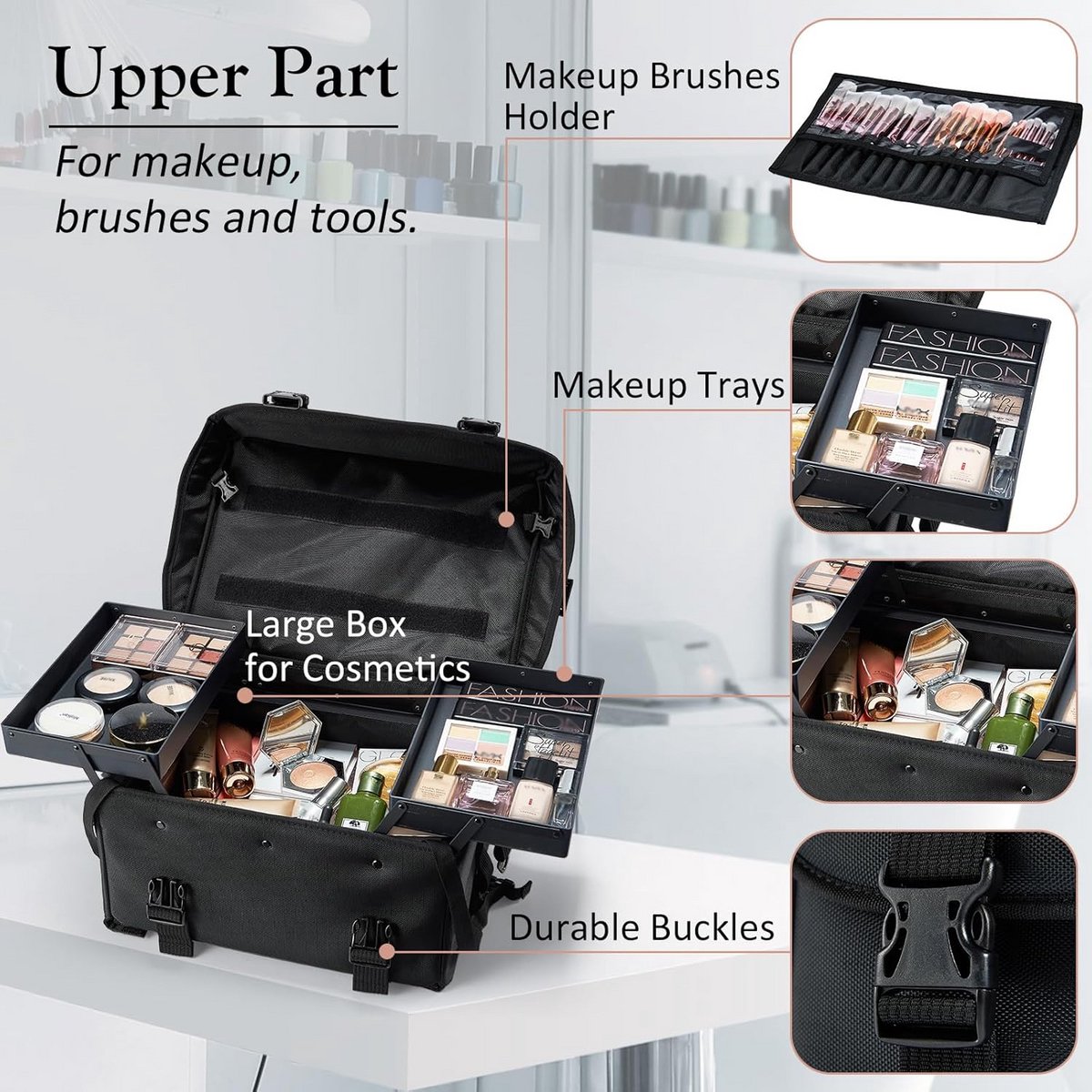 Grote Verrijdbare Make-up Koffer met 8 Laden voor Professionals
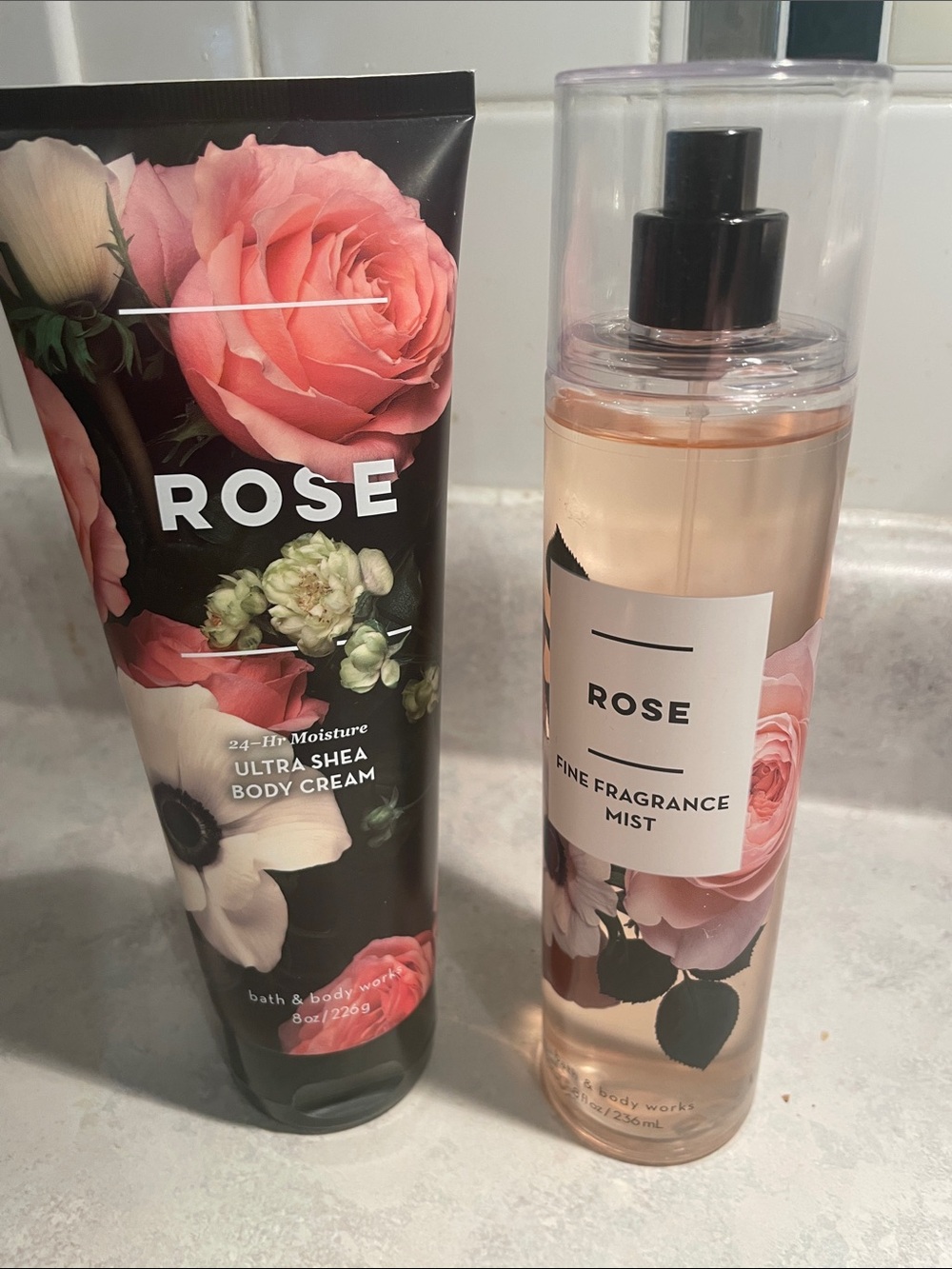 Bath & Body Works Rose Ultra Shea Body Cream & Fine Fragrance Mist - Pink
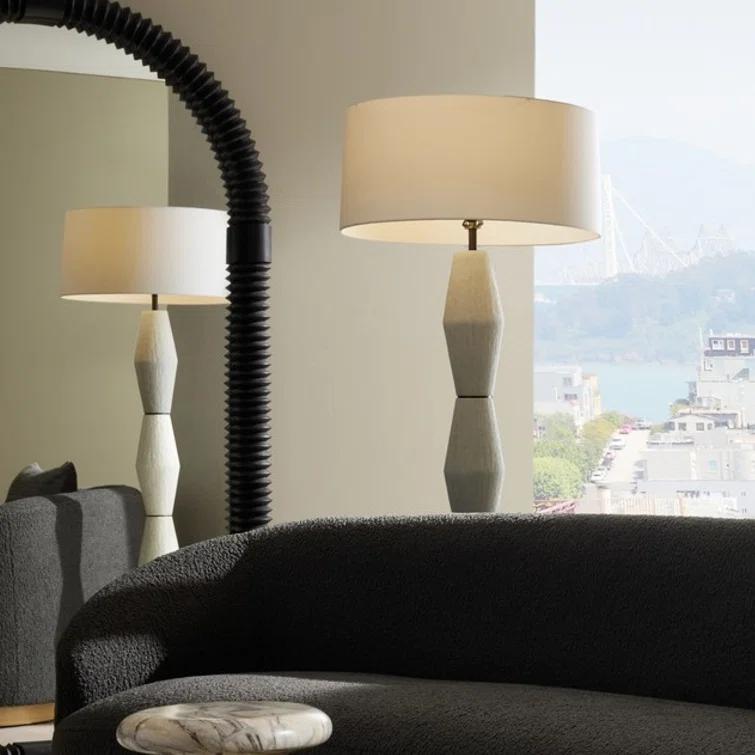 Ivory Ricestone Composite Floor Lamp with Bronze Base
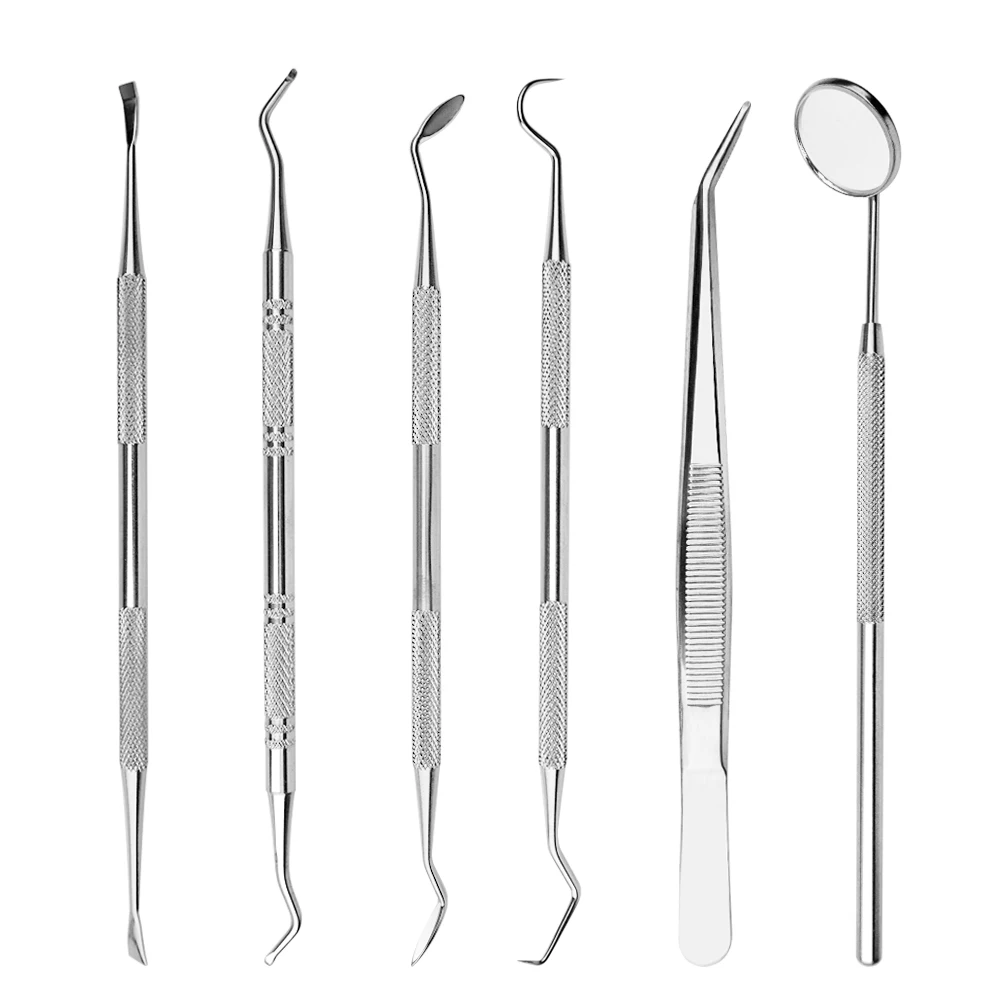 

Professional 6 Pack Tartar Plaque Remover Stainless Steel Dental Scaler Tool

- - - -

**Required action**
Leave every picture out and copy precisely the lines from the one containing "Ivory Ricestone Composite" through the last line of the data above, both ends included.

**Expected answer**
 Ivory Ricestone Composite Floor Lamp with Bronze Base

Professional 6 Pack Tartar Plaque Remover Stainless Steel Dental Scaler Tool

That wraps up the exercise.